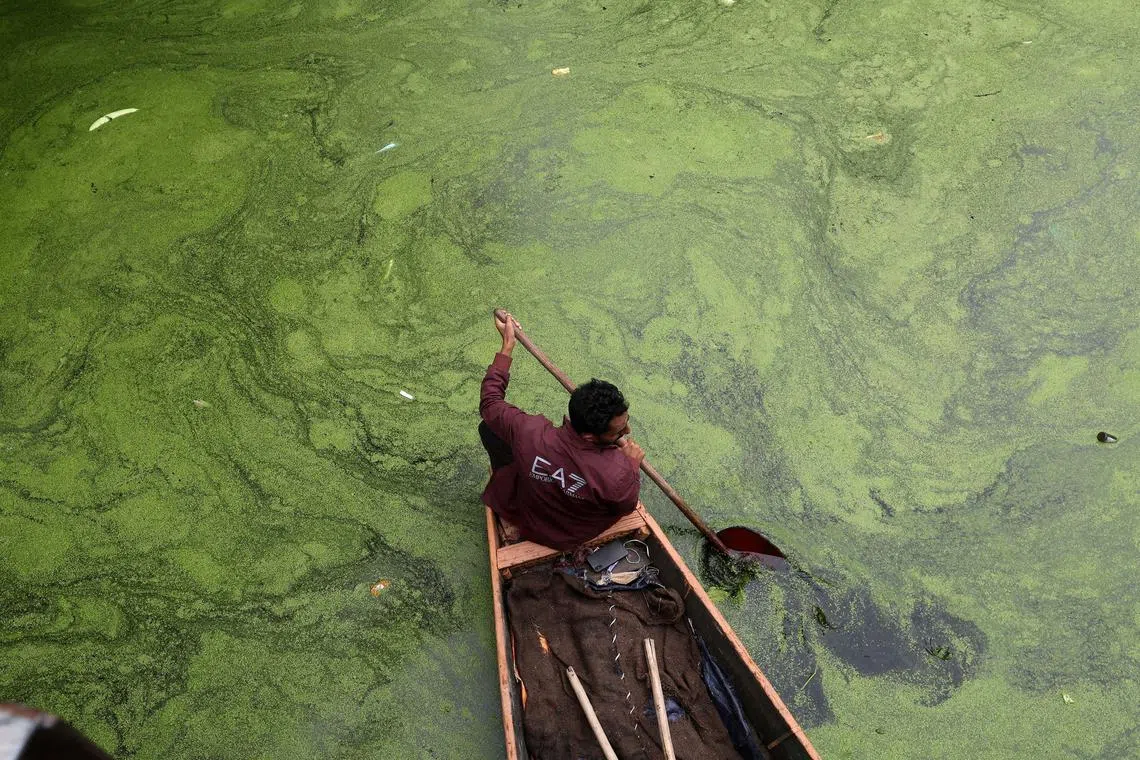 A man rowing a boat in the interior of Dal Lake in Srinagar, India, on July 15, 2025. 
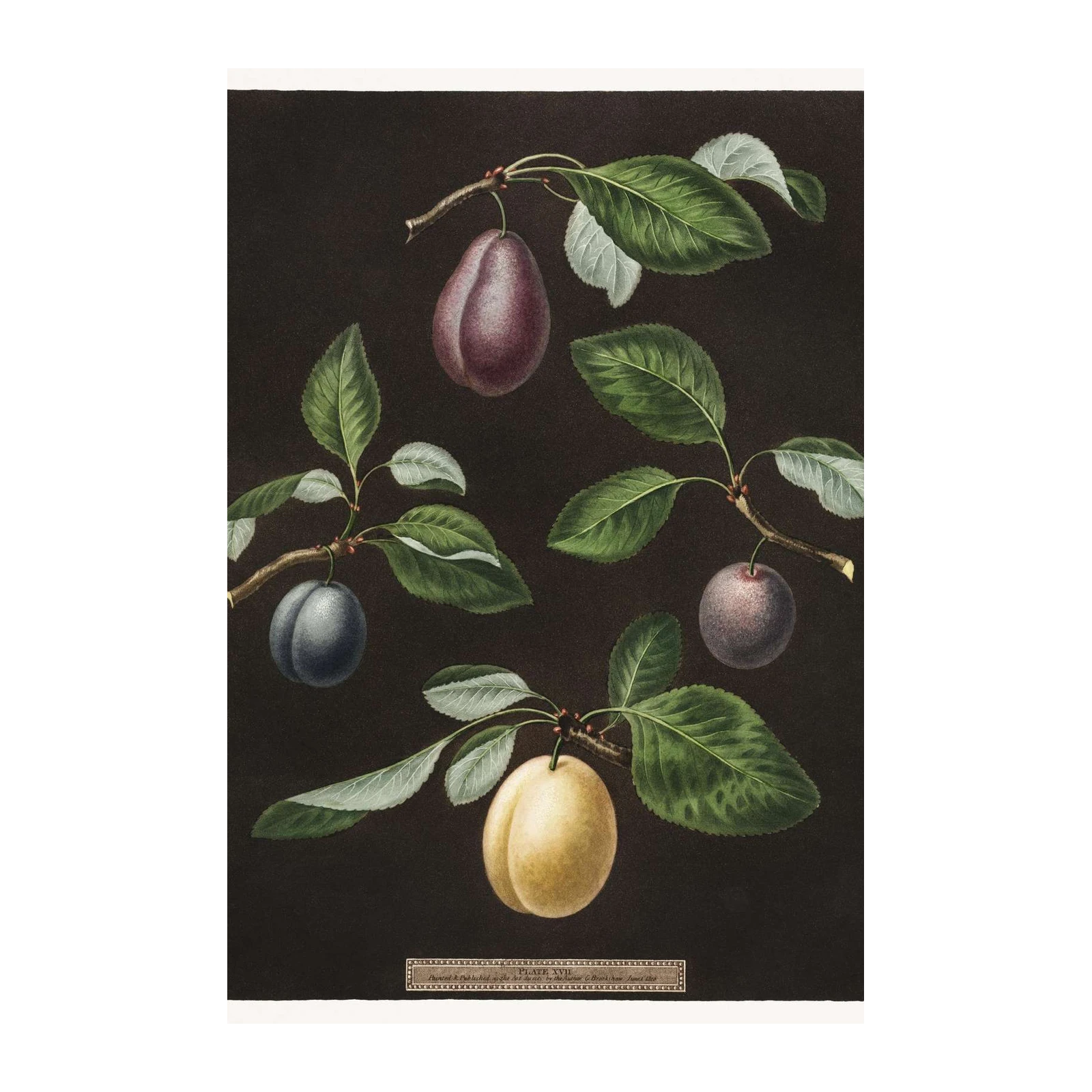 Vintage Plum Botanical Art Wall Art
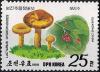 Colnect-2933-557-Lactarius-hygrophoides.jpg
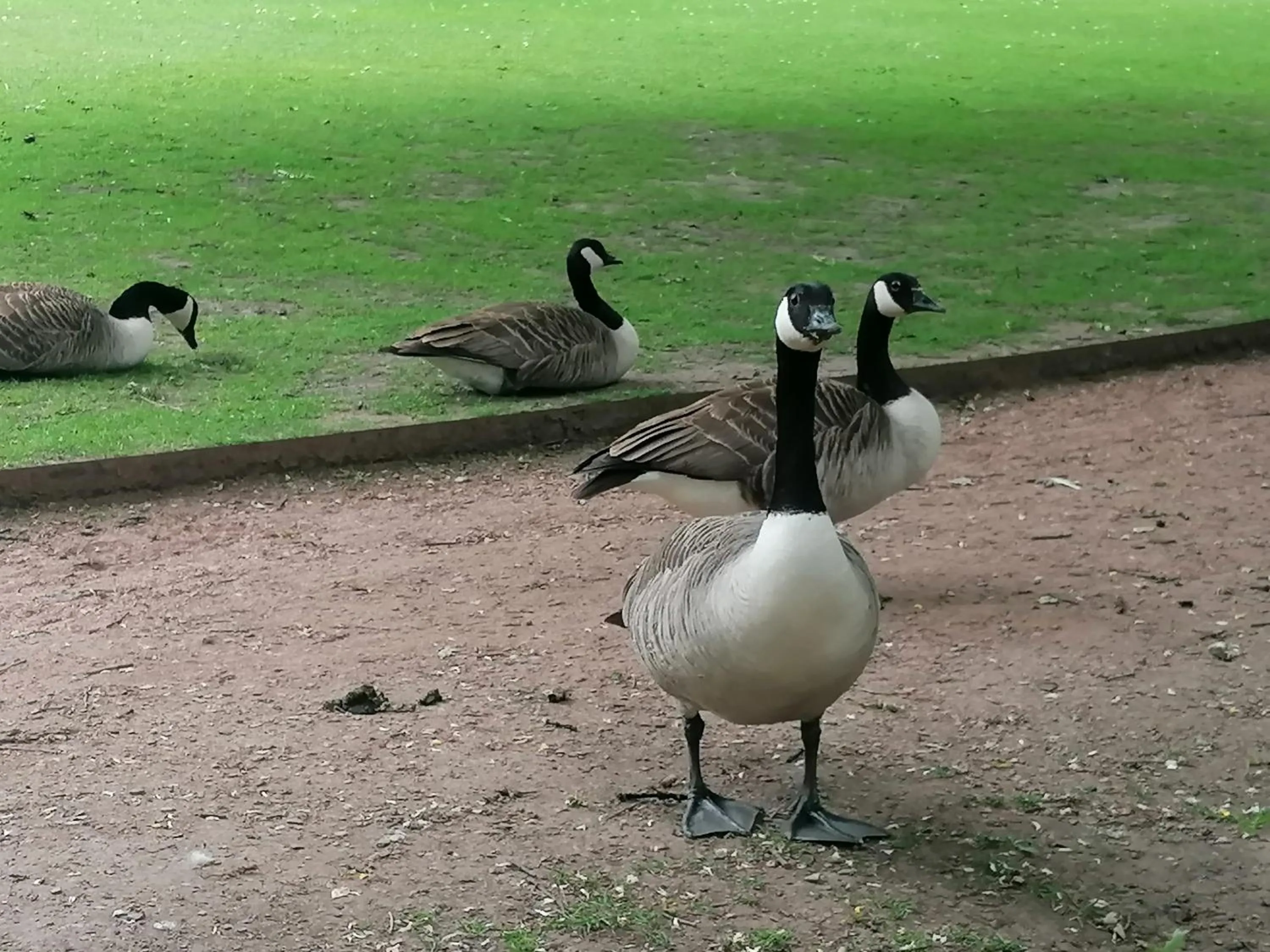 Nearby landmark in Clumber Lane End Farm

**WORK TASK**
Where a picture appears, skip it and copy the rest of the data word for word.

**ANSWER SPACE**
 A man rowing a boat in the interior of Dal Lake in Srinagar, India, on July 15, 2025. 
 Vintage Plum Botanical Art Wall Art
 Colnect-2933-557-Lactarius-hygrophoides.jpg
 Nearby landmark in Clumber Lane End Farm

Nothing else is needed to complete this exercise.